However, we won't be carrying around three-meter-long monsters. Farmed catfish are harvested when they're about 65 cm, or 1 to 1,5 kg we learned from Michel, who told us all about catfish farming. He runs the small fish farm De Kopervis in the polder, producing about 10.000 kg fish per year. He uses sustainable techniques to warm and clean his water and he respects his animals, so he doesn't put too many of them in one tank. He inspired us to try catfish in our aquaponics system.
His system actually works a lot like ours: he uses a biofilter to get rid of the ammonia. We do this by letting the bacteria grow between pebbles, he uses a tower of plastic mats to get plenty of oxygen to the bacteria. He also has a settling tank to catch all the solid parts (which he uses for his own vegetable patch).
I found this diagram, but cannot possibly find the source so please forgive me for using it… The biggest difference between this diagram and Michel's way of farming is that he uses less fish, so he has less waste, so he doesn't have to replenish his water as often as in this diagram. I don't think he has an oxygen reactor either.

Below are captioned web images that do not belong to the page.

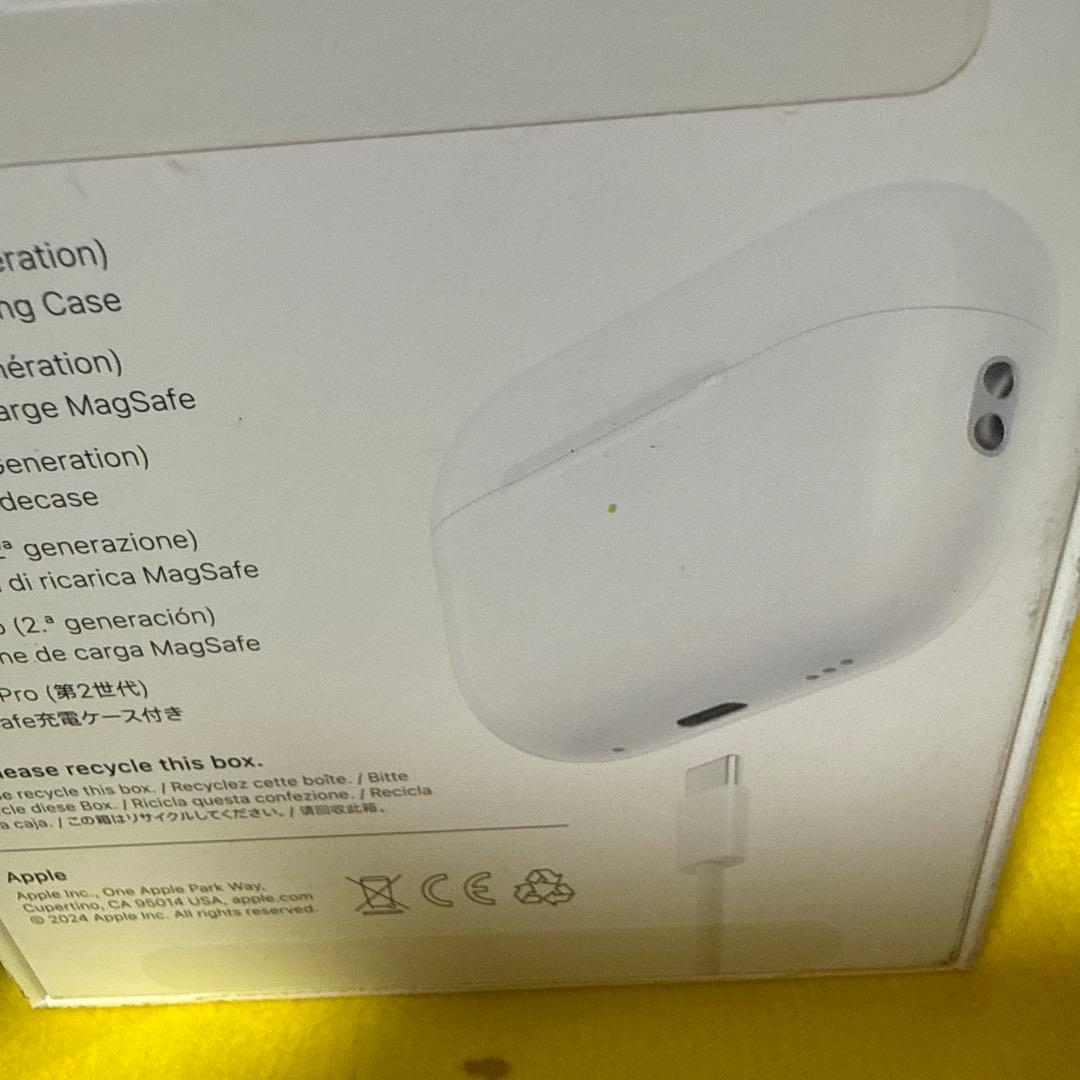 AirPods Pro 第2世代 MagSafeと社外品のケースとインナーピース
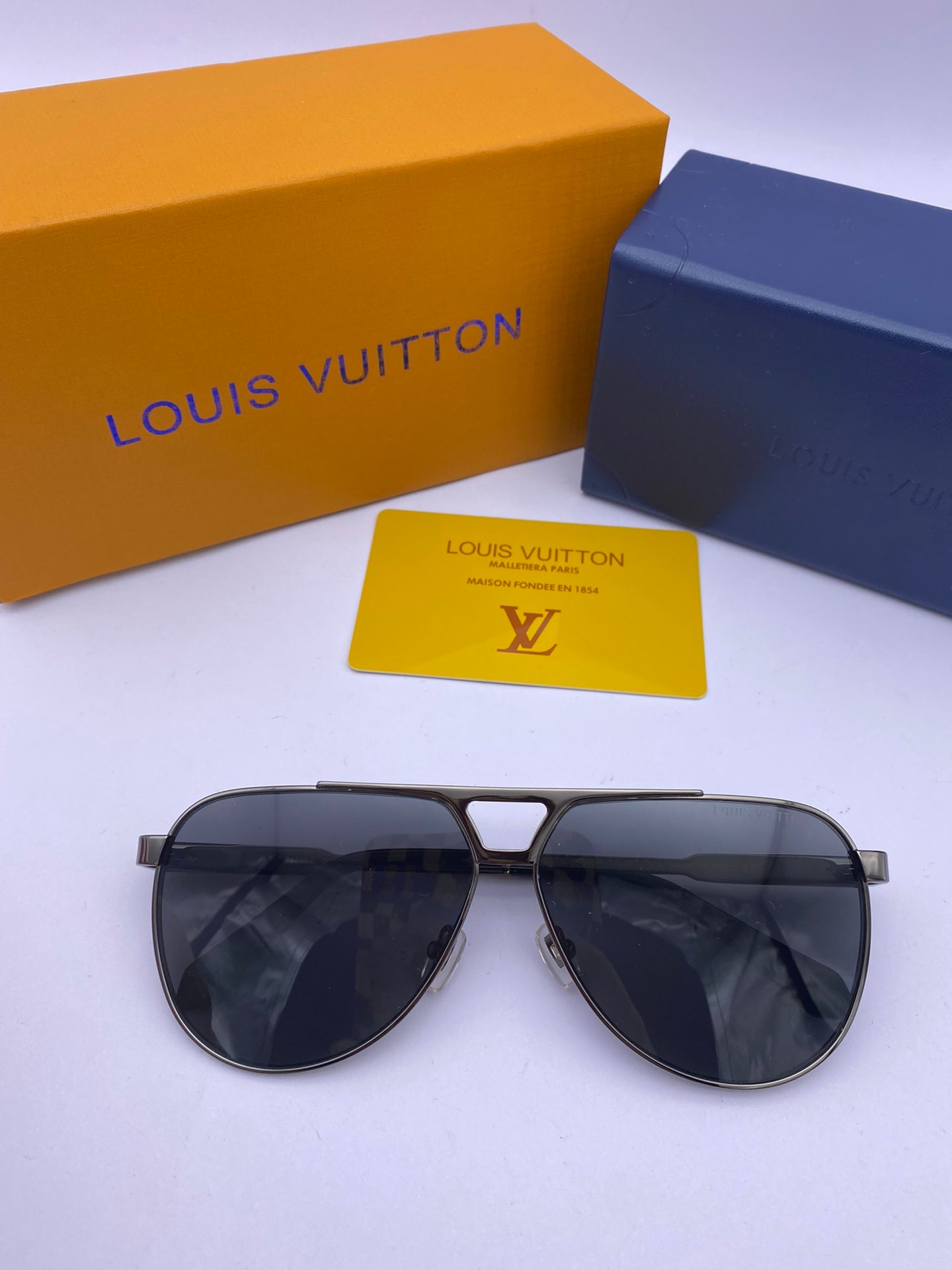 L0vis Vvtt0n Sunglasses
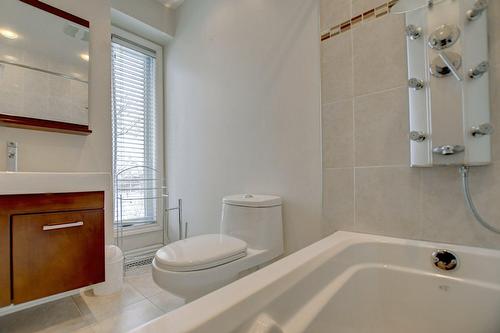 Salle de bains attenante à la CCP - 26 White Pine Drive, Beaconsfield, QC - Indoor Photo Showing Bathroom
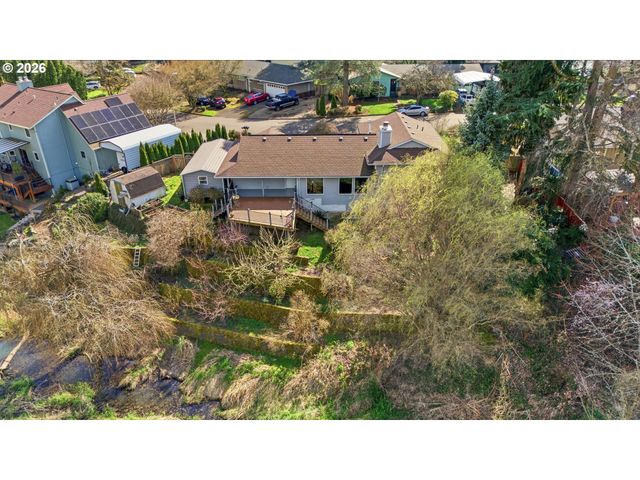 2055 Se OAK CREST Dr, Hillsboro, OR 97123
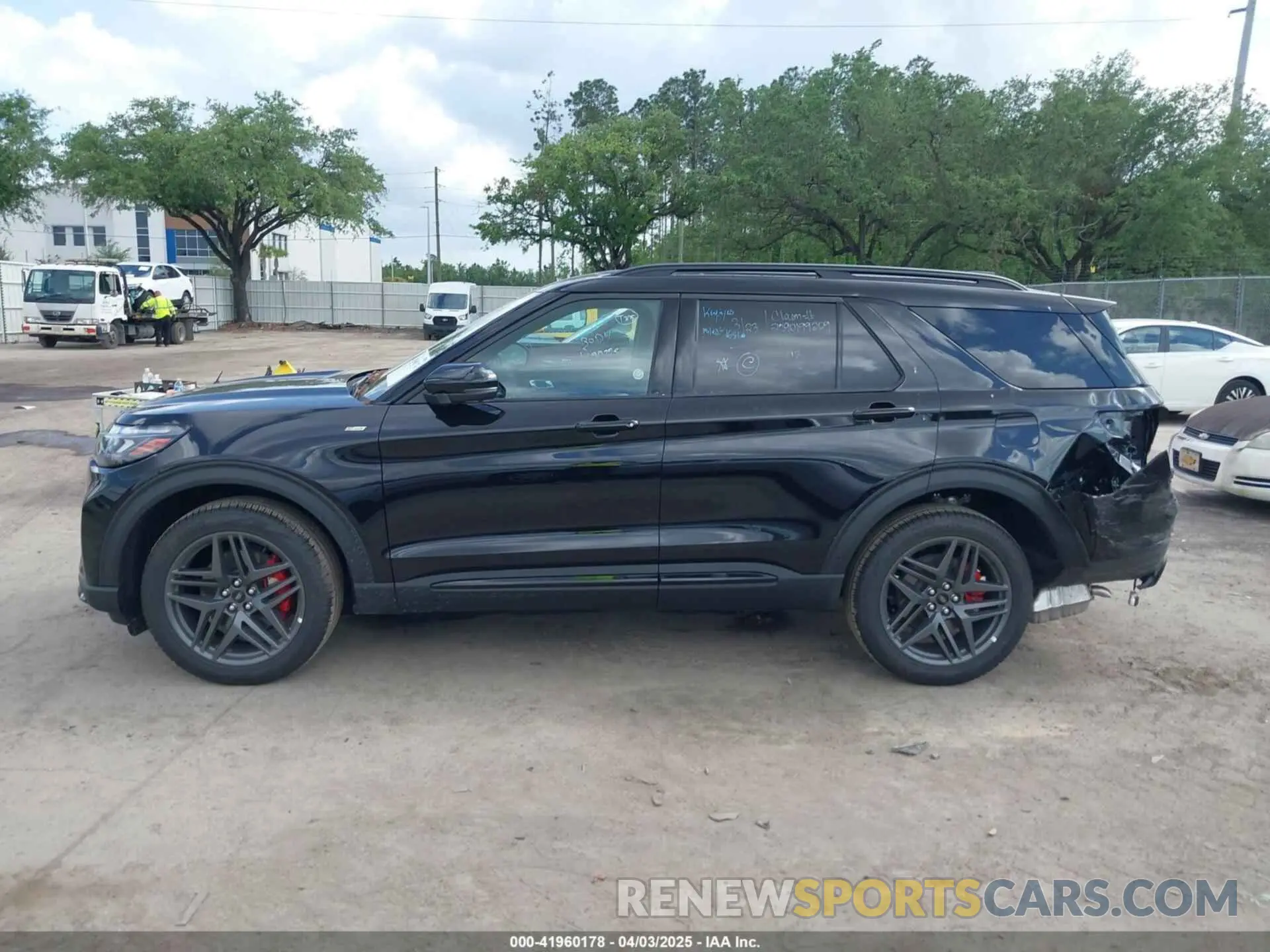 14 fotografías del automóvil dañado 1FMUK8KH2SGB38318 FORD EXPLORER 2025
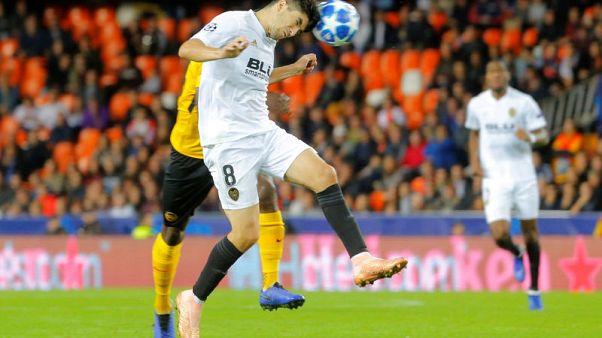 Soler stars as Valencia boost Champions League last-16 hopes Soler stars as Valencia boost Champions League last-16 hopes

Michel farms the African Catfish, apparently the Netherlands is one of the leading specialized countries farming them. Wageningen University did a lot of research about this species. There is also a European catfish, but it has been protected in the Netherlands for a long time. Now that there's an abundance of these fish, regulation is gradually changing. You cannot catch them, but you can farm them. The problem is how to get the fingerlings… So for now we'll probably stick to the African ones.
Being a specialized country apparently isn't enough to get the Netherlands to eat catfish. Most of it is exported to Germany and other countries where it's quite popular. Michel sells to local restaurants and people who appreciate the fish, but he has a hard time finding a good market. We think we can take that hurdle, we're in Amsterdam after all.
Killing and filleting catfish is quite a challenge. They are strong and slippery, so you have to sedate them before chopping the head off - which is not as easy as it sounds. If you do it right, after filleting you haven't got any bone in the flesh, but that takes experience. Then you can freeze the fillet right away, or brine, dry and smoke it. Catfish isn't really suitable for eating raw, but it sticks together very well. So good even that you can use it on the barbecue! We bought some fillets from Michel and tried it for ourselves:
Michel told us a lot about how to take care of catfish: what they eat, how fast they grow, how many you can put in a tank, what temperature they like etc., so we feel a little prepared to take on our first babies now. That's what he said: you can talk and read as much as you want, but at one point you should just try it and get first-hand experience. So that's what we'll do!